If I had only one wish for the next 50 years," said Bill Gates, "it would be to invent the thing that halves the cost of carbon dioxide." The founder of Microsoft went on: "We must innovate our way to zero CO2 emissions."

Gates is thinking like an entrepreneur: he knows there are profits to be made from developing an energy technology that is half as expensive as drilling for carbon-based fuels. But he is also thinking like an environmentalist: he knows the globe can't bear the ecological cost of spewing more and more carbon dioxide into the atmosphere.

And more spewing is on the schedule. World energy consumption is likely to grow by more than 50 percent over the next 25 years, largely due to rapid development in China and India, where energy use is expected to double. It's estimated that 80 percent of energy consumption in 2035 will come from an old familiar source: fossil fuels. The use of clean energy sources is growing, but unless those sources become cheaper and more efficient, they won't put a dent in the rise in carbon emissions. The energy industry will keep investing in fossil fuels (like the ones buried in the Alberta tar pits, which Bill McKibben writes about in "Pipeline to disaster").

The need for technological breakthroughs is what prompted a Republican-controlled Congress in 2005 to offer loan guarantees to companies that are developing significant clean energy projects. That program came under attack last month after one participant, the solar energy company Solyndra, collapsed and left taxpayers the bill for a $535 million loan guarantee. Critics complained that the Obama administration had rushed its approval of the company's application and that it did so to please a Solyndra investor who had raised money for the Obama campaign. If that is true, the administration deserves to be censured. The competitive integrity of any loan program must be assured.

But it would be a mistake to conclude, as some critics have, that such a program is misguided or that the government should drop its support for research and development in clean energy. To draw that lesson would be to forget that government-supported research spur­red some of the most important technological developments of the age: computer software, microprocessors and the Internet, as well as a host of aviation and medical innovations. Bill Gates, famed inventor and entrepreneur that he is, acknowledges that it was government-supported research that laid the groundwork for the computer revolution that he led.

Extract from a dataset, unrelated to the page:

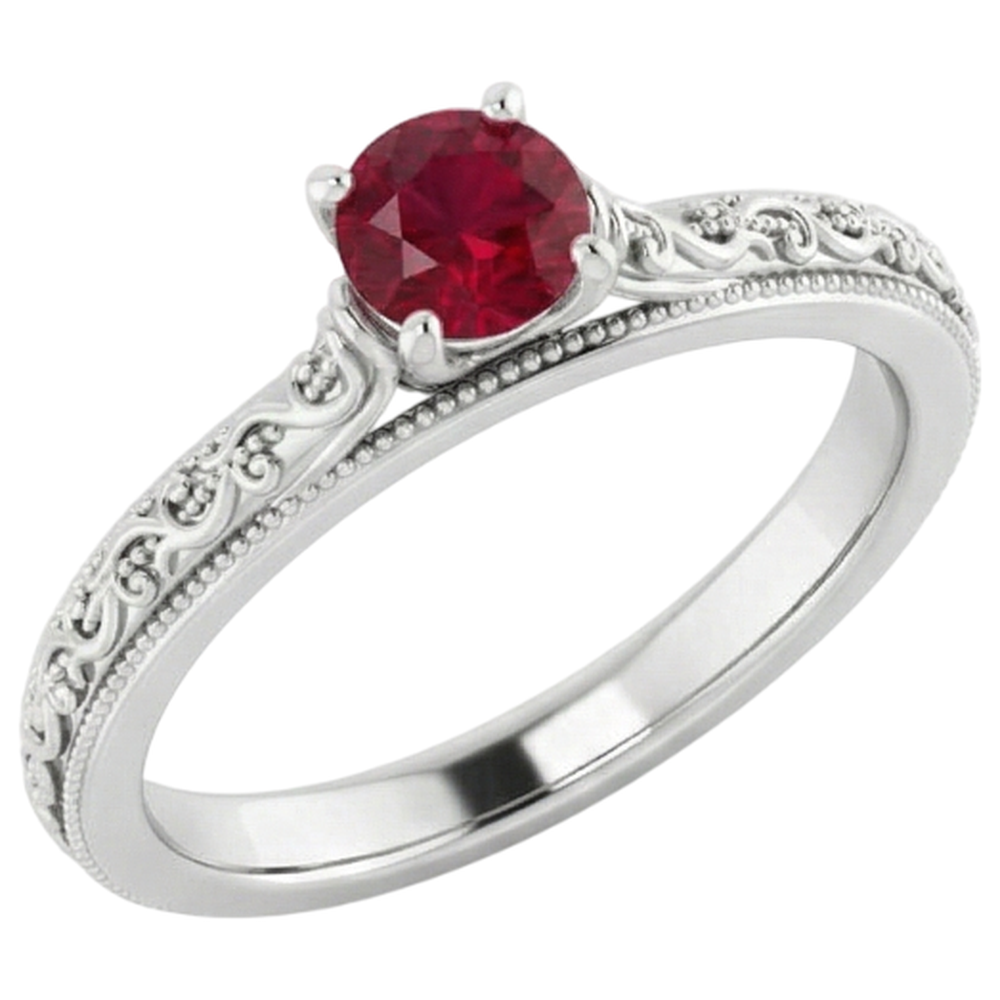 Bague Solitaire Rubis 0.75 Carats Style Antique Nouveau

Perhaps there are better ways for the government to encourage clean power than by judging applications from private firms. Congress might enact an across-the-board tax on fossil fuels or impose a cap-and-trade policy that penalizes the burning of fossil fuels. Both those measures would create financial incentives for companies to seek alternative energy technologies. Unfortunately, over the years both measures have been considered by Congress and rejected.

Government-funded research has spurred major technological innovations and created jobs and entire industries along the way. Such research has usually been done in pursuit of a military purpose. It should be done today for the sake of jobs, economic growth—and a sustainable planet.